Armando
Turske & Turske
The centerpiece of this show of recent work by the Dutch-born artist Armando (mounted in collaboration with West Germany's Kunstverein Freiburg) was a group of paintings from the “Melancholie” series, 1986. With the theme of melancholy, Armando specifically addresses a mood that has pervaded and dominated his work and through which the characteristic union of beauty and horror in his work finds ideal expression. This means, among other things, that the painterly richness of these works must be seen against the background of World War II and the nature of Nazism, issues that Armando has been relentlessly and unswervingly pursuing for many years, not only as a painter but as a writer too.

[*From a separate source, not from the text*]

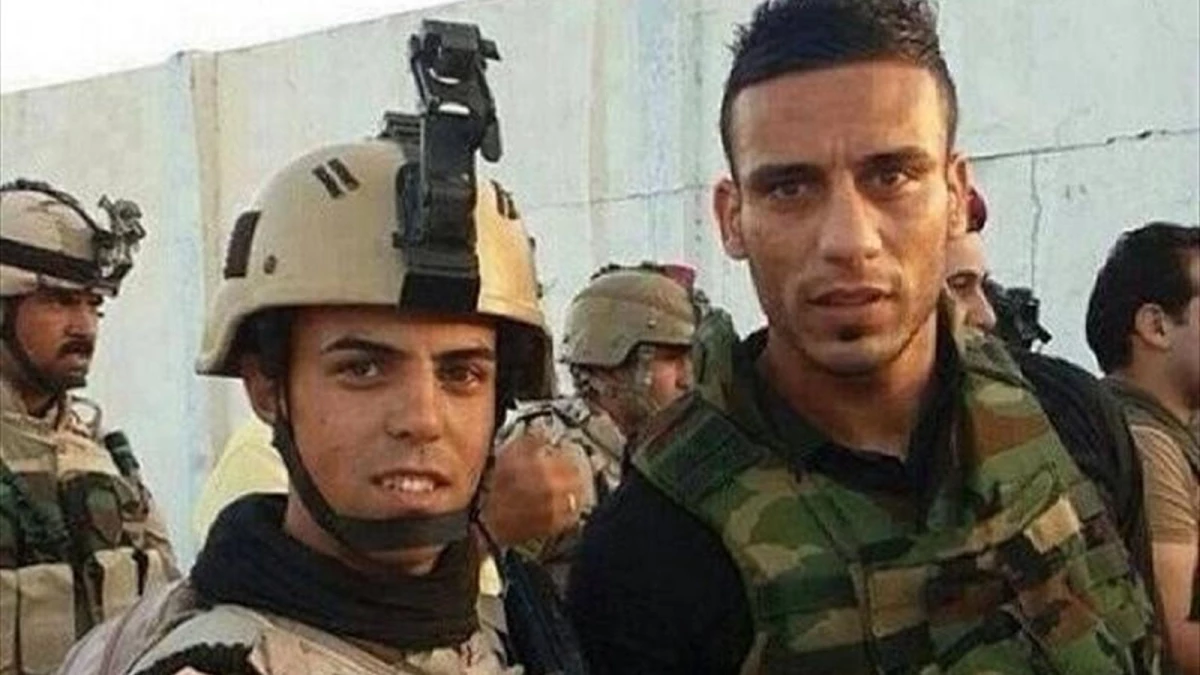 Çaykur Rizesporlu Futbolcu Ali Adnan, Irak\'ta Savaşıyor Mu?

The roots of his involvement with these problems go back to profound experiences that shaped Armando's youth during the German occupation of Holland. The persistence and the variety of methods with which he approaches this theme lend his work an obsessive quality that continually breaks through the esthetic presence of the surface, revealing the depths beneath. Unlike his written work, where for the most part he treats the theme very concretely, in his paintings he approaches it on the level of suggestion, presenting it in the form of poetic symbols. The same thematic underpinnings can be seen in the titles of his other series—such as “Schuldig landschap” (Guilty landscape), “Feindbeobachtung” (Enemy observation), or “Gefechtsfeld” (Battlefield)—yet the paintings themselves, even where their subject matter is derived from the visual world, elude literal interpretation and move in an associative realm where beauty and horror are locked in eternal battle.

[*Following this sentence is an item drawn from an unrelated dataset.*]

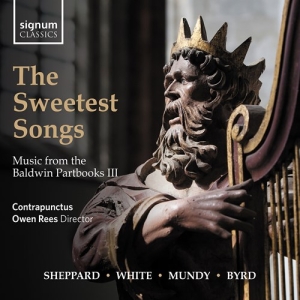 Anonymous William Byrd William Da - The Sweetest Songs - Music From The in the group OUR PICKS / Christmas gift tip CD at Bengans Skivbutik AB (3965895)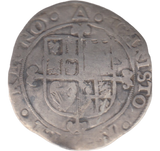 1639 CHARLES I SIXPENCE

Armando stages a power struggle between black and white in his “Melancholie” paintings, with the canvas almost literally becoming a kind of battlefield. Here the two extremes, which originally symbolize moral positions, are visibly drawn into the wake of esthetic positions that confuse the initial apparent hierarchy of values, or even reverse it. Although morality does provide a meaningful conceptual framework and necessary intellectual foundation, it is subordinate to the laws of the painterly process and thus loses its claim to absolute validity. That the pall of black at first seems to crowd out the brightness of white in these paintings does not necessarily signify the victory of evil but rather the advance of a twilight of melancholy in which it is simply impossible to find one's way to any kind of decision. It is precisely in this situation of powerlessness and total disorientation that even the faintest glimmer of light shines all the stronger and more full of hope. The traces of white lines that emerge from the darkness—or the brief glow of brilliant red—develop a power that stands up to the void of the melancholic abyss and at the same time organizes and dominates the paintings on a compositional level. In the final analysis, the white actually carries the heavily impastoed fields of black and makes them effective by assuming the superficially weaker but not less decisive counterposition in the power struggle. Just how subtle and fragile the balance of power underlying these very concrete and substantial expanses of paint is can be seen from reproductions in the catalogue of earlier preparatory drawings (from 1980) for the “Melancholie” paintings: delicate, hesitantly executed lines that move toward or away from one another, or move in parallel tracks, almost never coalescing into a firm gestalt.
Translated from the German by Leslie Strickland.